# Can you work out these 14 legendary songs from their first lines?



## Northerner (Apr 19, 2015)

http://en.what-character-are-you.com/d/en/1897/index/11547.html

I got 11/14


----------



## Robin (Apr 19, 2015)

I'm ashamed to admit I only knew four. i managed to get a score of 7/14 by picking the middle option for all the ones I didn't know! is that Cheating?


----------



## Donald (Apr 19, 2015)

I got 10/14


----------



## Northerner (Apr 19, 2015)

Robin said:


> I'm ashamed to admit I only knew four. i managed to get a score of 7/14 by picking the middle option for all the ones I didn't know! is that Cheating?
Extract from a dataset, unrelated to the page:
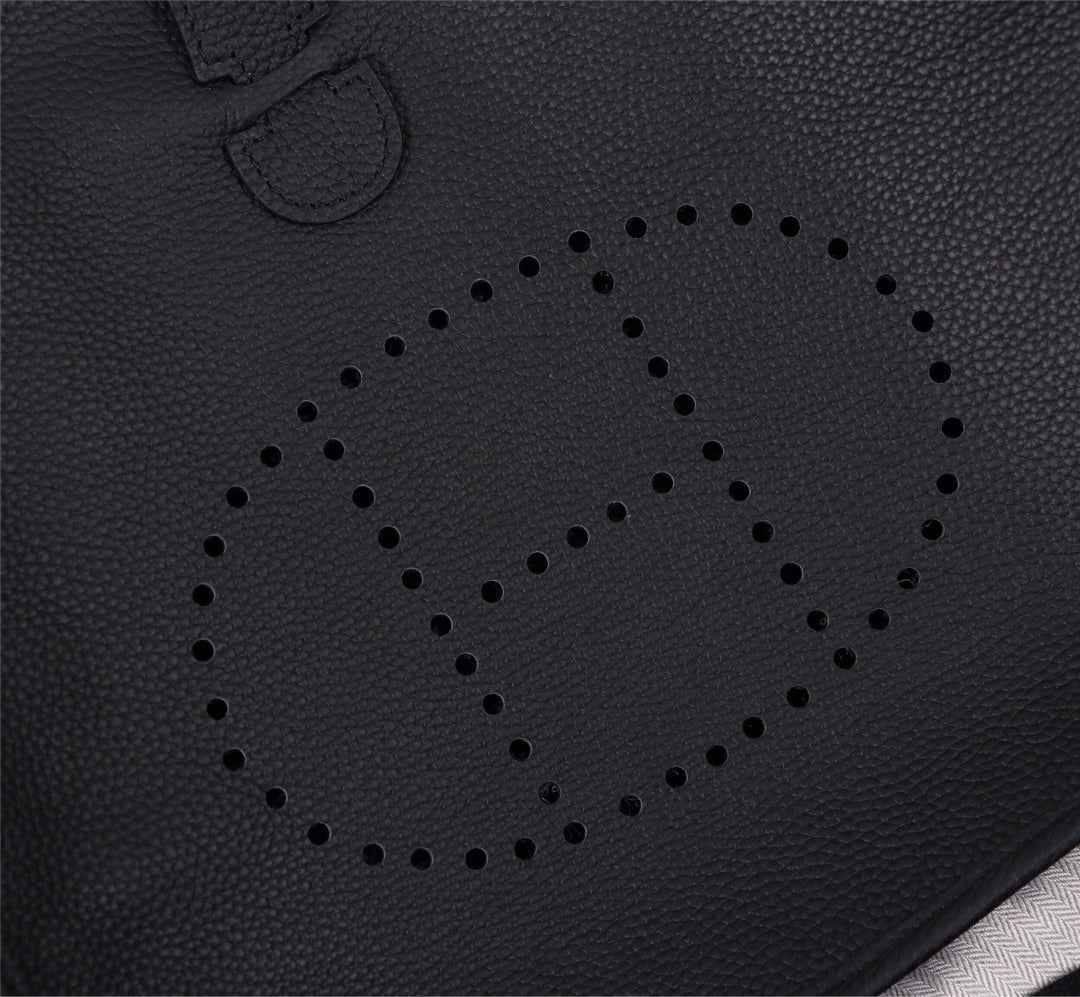 HM EVELYNE BAG 28 BLACK TOGO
I guessed a few to get my 11, some of them might only have been hits in the US, I reckon!


----------



## KookyCat (Apr 19, 2015)

I got 9, which surprised me since I'm notorious for my inability to recall song titles and the titles of books


----------



## Sally71 (Apr 19, 2015)

I got 11/14, some of them were guesses though!


----------



## Mrs Mad Ronin (Apr 19, 2015)

10/14 rather pleased with myself there


----------



## robert@fm (Apr 19, 2015)

11/14.  Pity they don't tell you which you got right and which wrong...
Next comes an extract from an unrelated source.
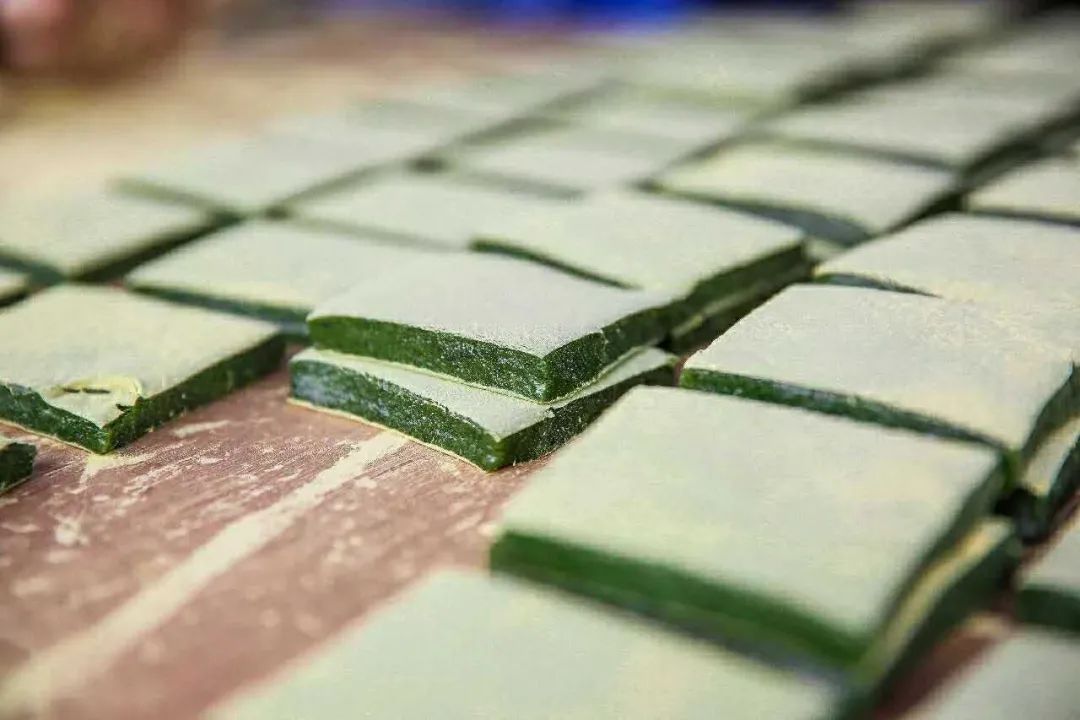 鸣鹤千年古镇图片,鸣鹤古镇的白墙黛瓦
And they got two of the choices wrong; "Ottis Reading - Sittin' on the Dock" should have been "Otis Redding - Dock of the Bay", and "Carol King - Will You Still Love me Tomorrow" should have been "Carole King - Will You Love me Tomorrow" (did she even do that song? She co-wrote it with her songwriting partner Goffin, but surely it was the Shirelles who actually sang it).


----------



## Riri (Apr 19, 2015)

11 out of 14 here as well


----------



## Lindarose (Apr 19, 2015)

I've amazed myself Got 12 with about 3 guesses Must be my era though needed the choices


----------



## banjo (Apr 19, 2015)

11 outta 14 lol - too much spare time?


----------



## khskel (Apr 19, 2015)

12 Not too shoddy


----------



## trophywench (Apr 19, 2015)

Well I got 11 too - but I only actually knew about 4 !


----------



## Maryanne29 (Apr 23, 2015)

I surprised myself and got 13!


----------